If marketing does want to start connecting its data quality programmes to corporate environmental actions, then it is likely to need a new generation of tools and measures. One of those could be the Smart Audit developed by meta-morphix, part of The REaD Group.
“There is a bell curve of response and suppression,” says Rob Salmon, managing director of the database bureau. “You don’t want to risk suppressing customers who have been in recent contact with the company. In the middle of the bell curve you get the most benefit.”
The purpose of the Smart Audit is to apply some classic customer profiling, such as recency, at the same time as suppression, rather than viewing these as separate. “The combination of recency of contact and value means you can identify groups who are at high risk of having changed data and are worth suppressing and enhancing,” says Salmon.
In line with the austerity budgets in marketing, this avoids the potentially high cost of suppressing an entire database by identifying where there is greatest need.
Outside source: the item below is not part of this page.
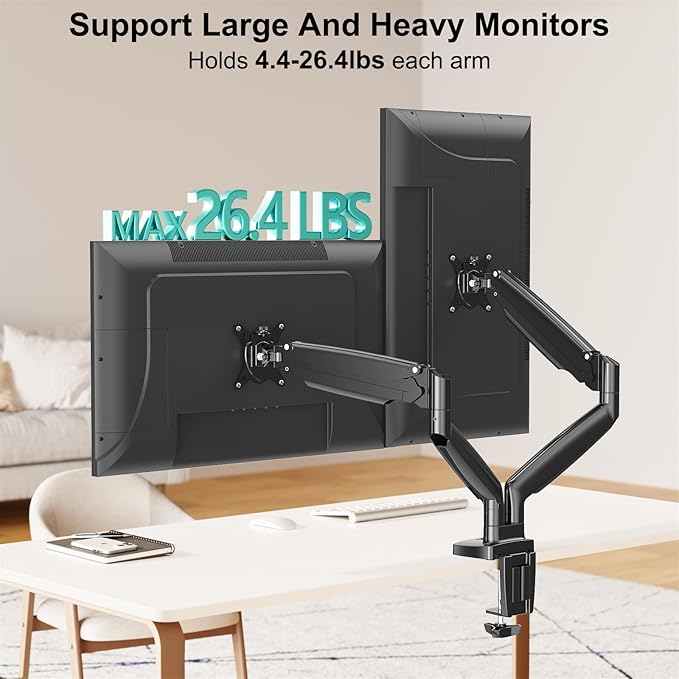 MOUNT PRO Dual Monitor Desk Mount fits 22” to 35” Ultrawide Computer Screen, Holds up to 26.4lbs Each, Fully Adjustable Long Monitor Arm for Two Monitors, Gas Spring Monitor Stand, 100x100 VESA Mount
This can translate into a positive CSR message. “I am a big proponent of environmental sense. I am also a business man. If you’re putting off prospects and customers because you send them communications that cross their own environmental concerns, it is a double whammy. Instead, you could achieve a dual purpose from doing the right thing with data quality,” he says.
What marketing does to support specific tactical activities, the company is doing at a corporate level as part of key strategic initiatives. In the realm of business intelligence, for example, data quality is critical in ensuring that decisions are based on the right information and driving the right outcomes.
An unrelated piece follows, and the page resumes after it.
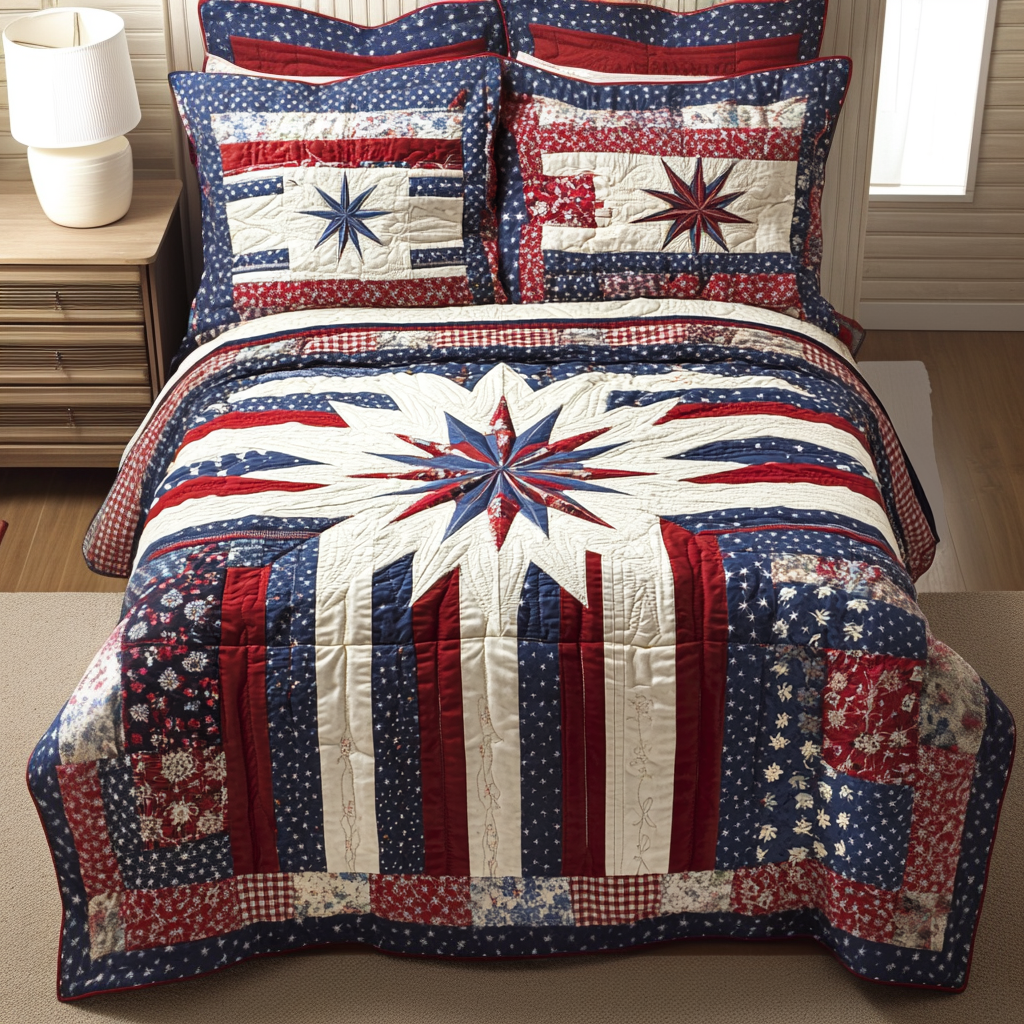 Liberty Star 3-Piece Quilted Bedding Set NCU0NVH896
Data governance processes are increasingly being applied to keep data fit for purpose, controlled, managed and accessed as it should be. External regulation could roll major environmental dimensions of CSR into data governance.
“A lot of the briefs we are seeing are factoring in carbon trading in 2012 or by 2016,” says Tommy Drummond, vicepresident of data quality at Informatica. “Key strategic thinkers know it is coming down the line. They want to be able to do something about it by understanding their fuel consumption, distribution and delivery networks, for example.”
This is already driving tighter standards for data management, not least through the consolidation of systems. “The CIO of one global electronics company is looking to reduce the number of data centres from 27 to three over five years. He is very well aware that data centres are major users of energy and they want to reduce their carbon emissions,” says Drummond.
Double duty is performed by data quality in such scenarios, leading Richard Kellet, manager, product marketing at SAS, to note that, “the chief financial officer likes it because he is also responsible for CSR reporting.”
He believes that companies are genuinely look at “the bigger picture” of environmental impact, even if they are more directly addressing local issues like marketing activity. It may give them two benefits for the price of one, but data quality is still saving the planet one record at a time.